I've spent most of the day on this and finally calling in some help. There are multiple entries here on related questions, but none that quite get at what I'm trying to do.
Below is an example df.
x <- tibble::tribble(
~kpu_operating, ~kpu_procedure, ~sf_operating, ~sf_procedure,
3L, 2L, 572L, 120L,
3L, 1L, 440L, 121L,
6L, NA, 535L, 122L,
3L, NA, 542L, 123L
)
Im trying to pivot longer such that "kpu_" and "sf_" are stripped away. Then I'm trying to collect "operating" and "procedure" from all four columns into a single new column. Lastly, I would like the two columns that r starts_with("kpu_")
to be put into a new column called "n_unit" and the two columns that r starts_with("sf_")

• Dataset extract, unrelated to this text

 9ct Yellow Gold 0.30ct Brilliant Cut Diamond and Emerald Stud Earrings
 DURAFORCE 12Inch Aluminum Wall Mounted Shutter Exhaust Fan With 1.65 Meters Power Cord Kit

to be placed into a new column called "sf_unit". It would look something like this:
y <- tibble::tribble(
~unit, ~n_unit, ~sf_unit,
"Operating", 3L, 572L,
"Operating", 3L, 440L,
"Operating", 6L, 535L,
"Operating", 3L, 542L,
"Procedure", 2L, 120L,
"Procedure", 1L, 121L,
"Procedure", NA, 122L,
"Procedure", NA, 123L
)
I've tried endless variations of this:
x <- x |>
pivot_longer(cols = starts_with("kpu_"),
names_prefix = "kpu_",
names_to = "unit",
values_to = "n_unit") |>
pivot_longer(cols = starts_with("sf_"),
names_prefix = "sf_",
names_to = "unit2",
values_to = "sf_unit")
and another:
x <- x |> pivot_longer(df, cols = c(starts_with("kpu_", "sf_")),
names_prefix = c("kpu_", "sf_"),
names_to = "unit",
values_to = "n_unit")
Here are some of the similar questions I've studied:
Is there way to pivot_longer to multiple values columns in R?
Using pivot_longer with existing names_to column
tidyverse pivot_longer several sets of columns, but avoid intermediate mutate_wider steps
https://cran.r-project.org/web/packages/tidyr/vignettes/pivot.html
pivot_longer into multiple columns
https://dcl-wrangle.stanford.edu/pivot-advanced.html
Thank you in advance for any help.
This can be done with tidyr::names_pattern()
and a bit of regex:
library(tibble)
library(dplyr)
library(tidyr)
x <- tibble::tribble(
~kpu_operating, ~kpu_procedure, ~sf_operating, ~sf_procedure,
3L, 2L, 572L, 120L,
3L, 1L, 440L, 121L,
6L, NA, 535L, 122L,
3L, NA, 542L, 123L
)
y <- x |>
pivot_longer(cols = everything(),
names_to = c(".value", "unit"),
names_pattern = "^(.*)_(.*)$") |>
rename(n_unit = "kpu", sf_unit = "sf") |>
arrange(unit)
y
# # A tibble: 8 × 3
# unit n_unit sf_unit
# <chr> <int> <int>
# 1 operating 3 572
# 2 operating 3 440
# 3 operating 6 535
# 4 operating 3 542
# 5 procedure 2 120
# 6 procedure 1 121
# 7 procedure NA 122
# 8 procedure NA 123